あまねく煌めく星たち。地上から見れば、どれも似たり寄ったりに見えますが、宇宙に飛び出して中身を覗いてみると星の数ほどの冒険と、個々の普遍的価値観を有しています。そんな事を考えていると、ワクワクして胸が踊ってきました。
「自由意思なんて、あってないような物なのかもな」
男が思案深げに言います。
「予知は意思で変えれますよ」
僕がそう言うと、彼は独りごつように「そうだ......そうだな」と何度も頷きました。
「避けられないとしたらそれは運命だ」
よし、と彼は気概ある声を発し、後に続けます。
「君はもう、帰ってくれ」
「え」と驚きの声を漏らす僕。
「貴方はどうするんですか」
「俺は残るよ」
彼は痛みを抑えながら、上体を起こしました。彼の生気に溢れる表情を見ると、どこか空疎な──学芸会の演劇に使うような、ハリボテのお城を見ているみたいです。
「死ぬつもりですか」
僕は今にも泣き出しそうな、震えた声で尋ねました。
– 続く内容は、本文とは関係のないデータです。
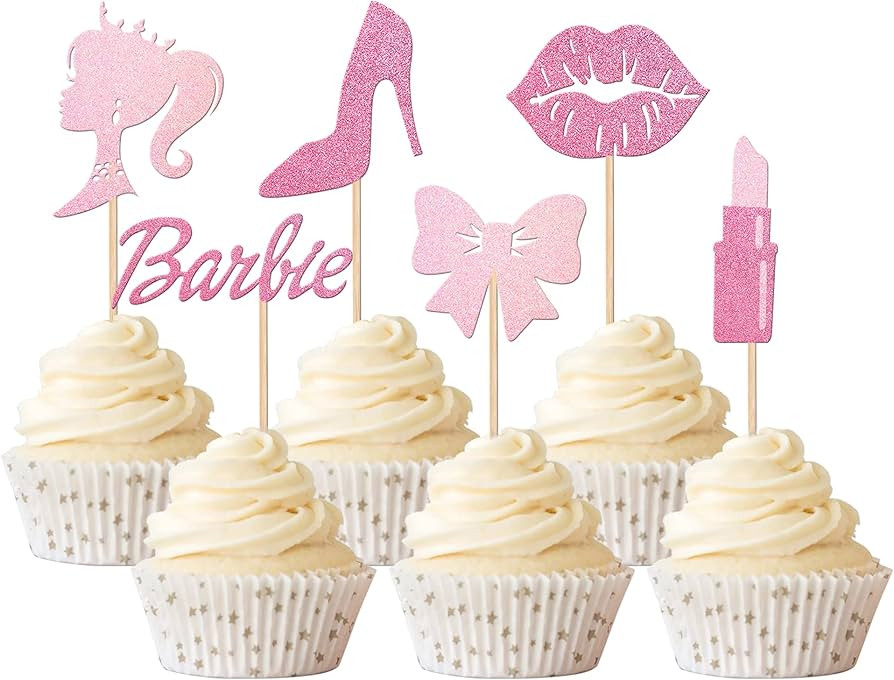 Rsstarxi 24 Pack Princess Cupcake Toppers Glitter High Heel Lipstick Bow Tie Baby Shower Cupcake ... | Amazon (US)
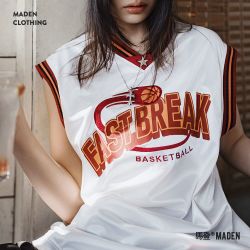 马登 夏日高街运动宽松篮球服复古撞色T恤无袖慵懒球衣坎肩背心女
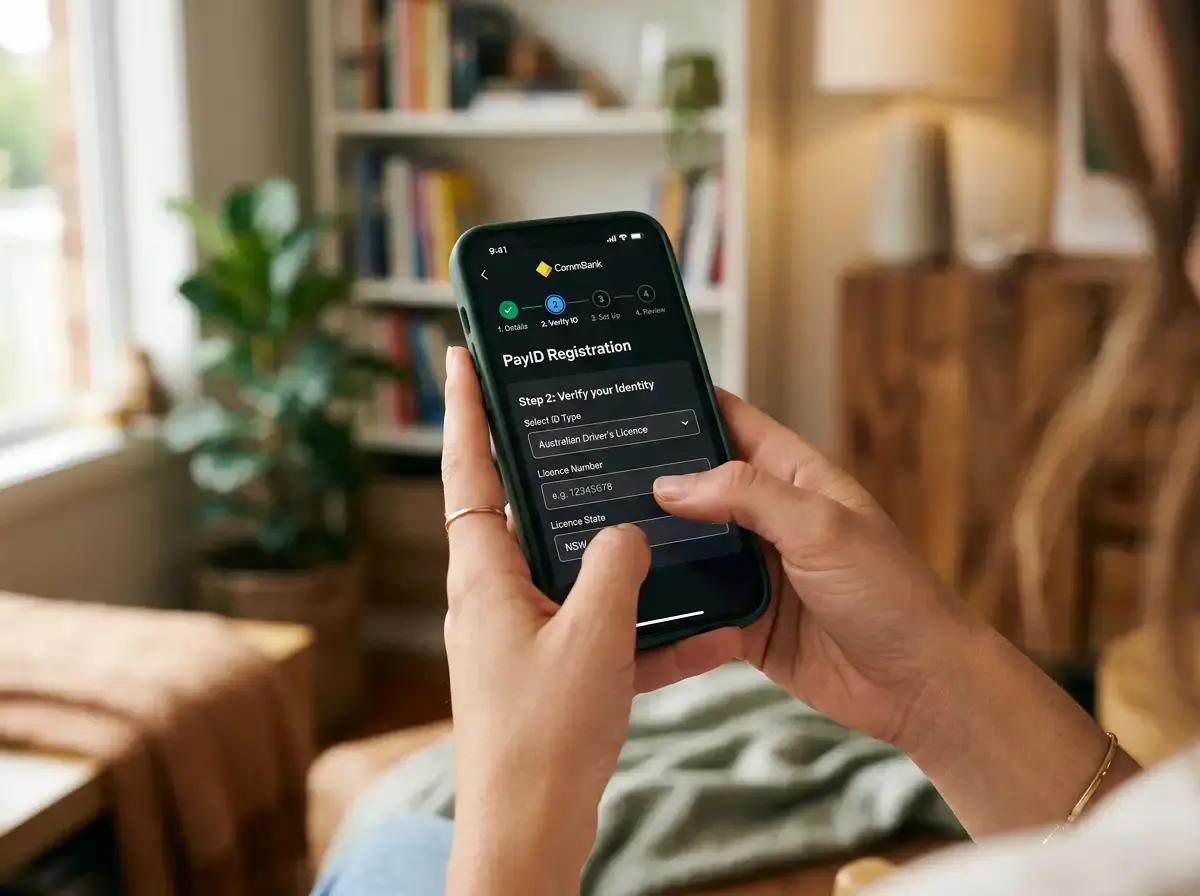 Step-by-step PayID setup in Australian banking app for casino use
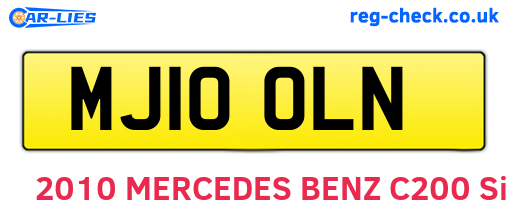 MJ10OLN are the vehicle registration plates.
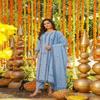 Serene Powder Blue: Geometric Embroidered Cotton Kurta Set with Matching Dupatta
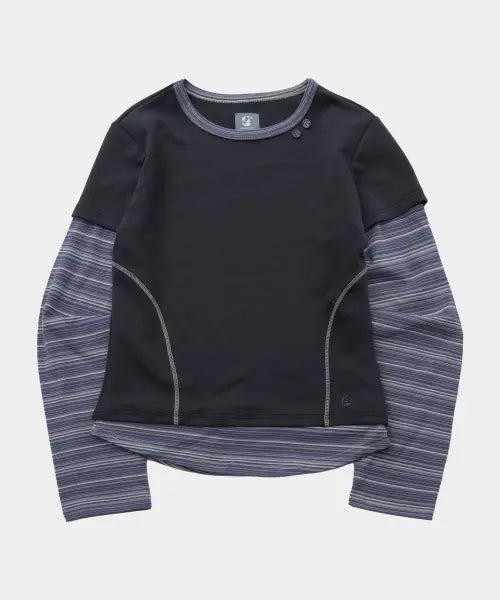 [SOME PLACE] Stripe Colorblock Stitch Detail Layered Long Sleeve T-shirt [Charcoal] / 스트라이프 배색 스티치 포인트 레이어드 롱 슬리브 티셔츠 [차콜]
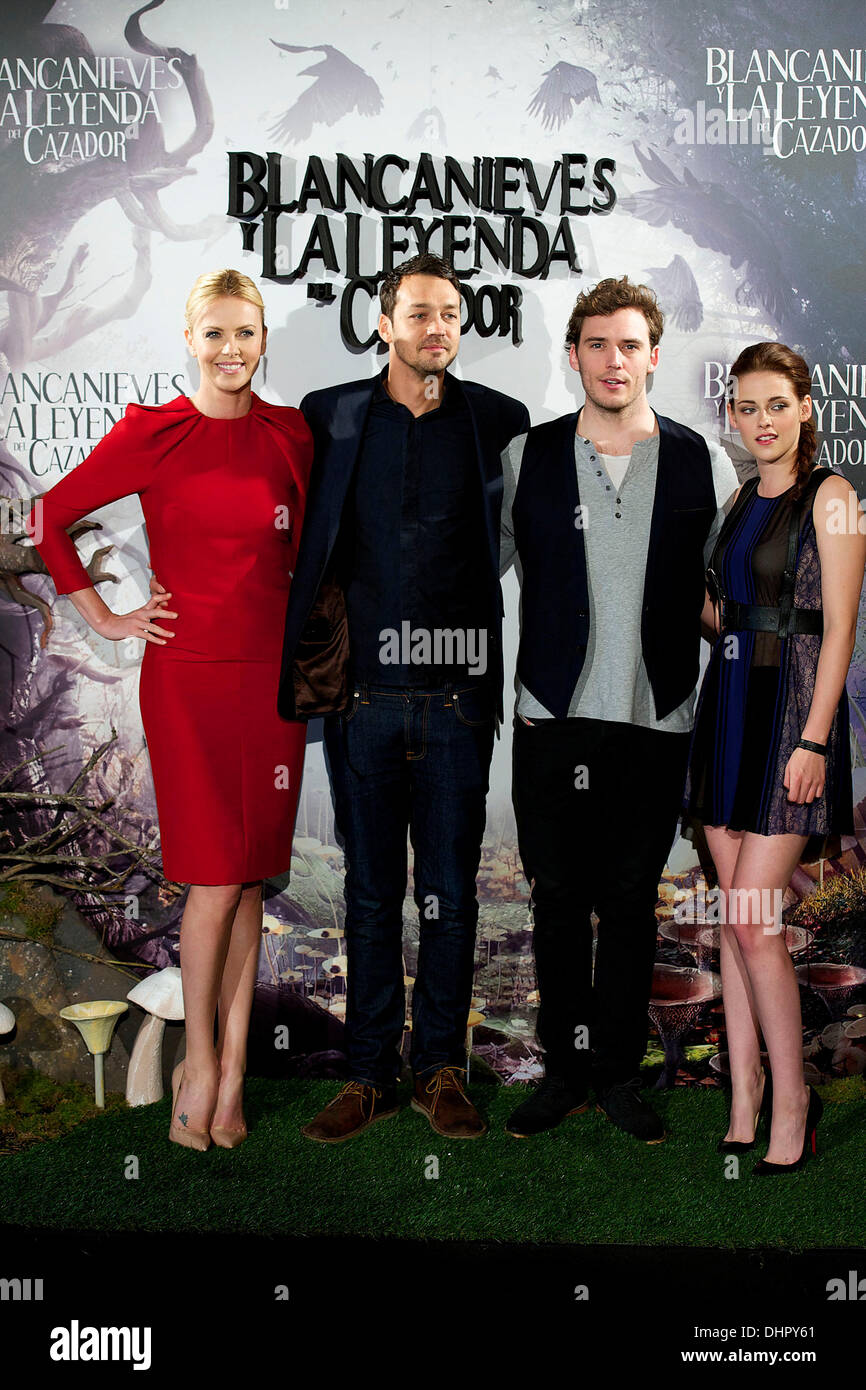 Charlize Theron, Rupert Sanders, Sam Claflin and Kristen Stewart  'Snow White And The Huntsman' photocall at Casa de America Madrid, Spain - 17.05.12 Stock Photo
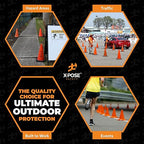 Xpose Safety 12 Inch Orange Traffic Cones, 24-Pack - Multipurpose PVC Plastic Safety Cone for Parking, Soccer, Caution, Kids and Construction - DOT Approved
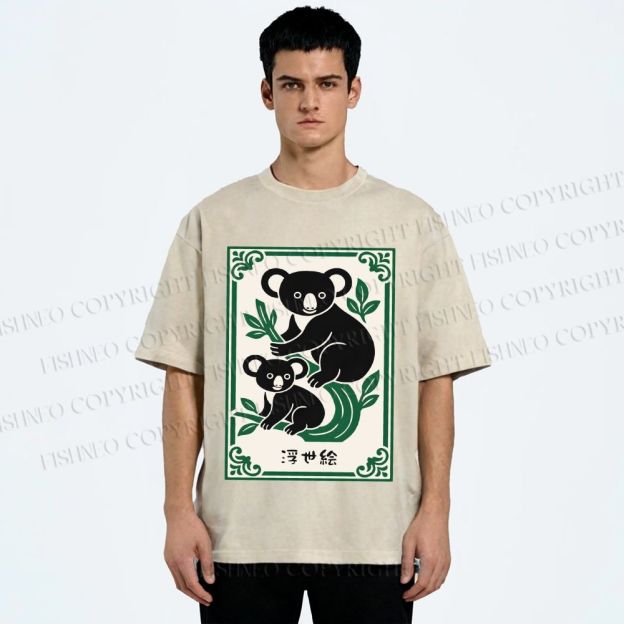 Unisex Vintage Koala Bear Printed Washed Tee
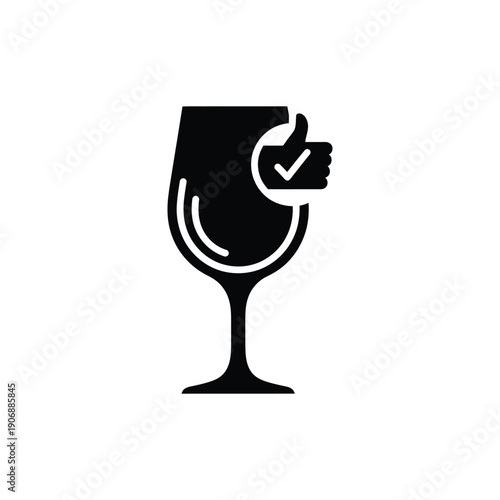 Wine glass with thumbs up icon black and white vector illustration for positive review and recommendation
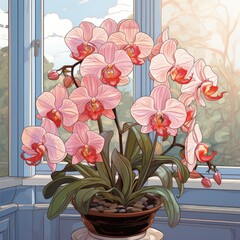 Exquisite orchids bloom in the conservatory in cartoon style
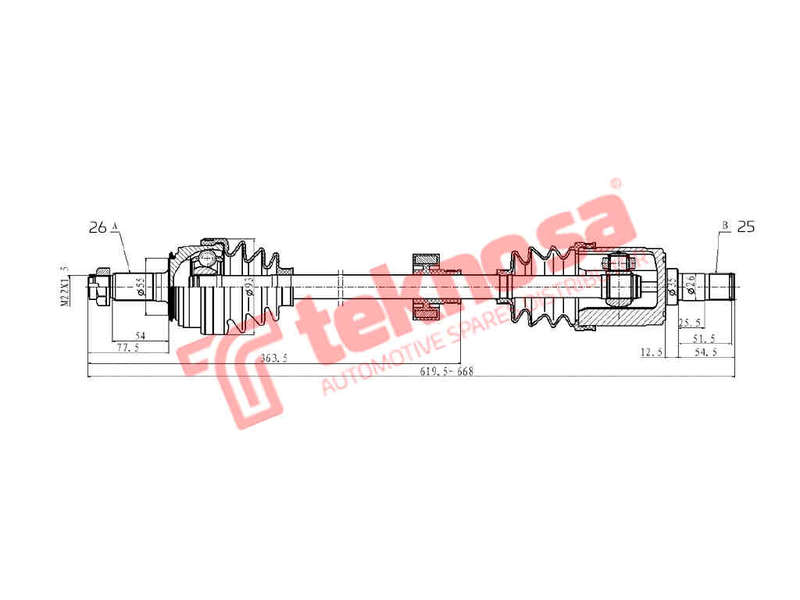 DRIVESHAFT - DHO231 (TEKNOSA)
なんとなく、僕が頼りにされていないようで悲しい気分になったのです。
彼は笑顔を崩さずに答えました。
「死なないさ」そして言葉をつぎます。
「この星で待ち合わせをしているんだ。俺は、待たないと」
「こんなところで?誰を待ってるんですか?」
しきりに質問を投げ掛ける僕。すると彼はしばらく沈黙した後に返答しました。
「父さん」
そう囁くように言うと、再び彼は話を続けます。
「君は──この星の事は知っているかい?」
「いえ」と僕。
事実、僕はこの星についてはうぐいす色の砂と、寂寥とした凸凹の荒野が地平線まで続いているということしか知りません。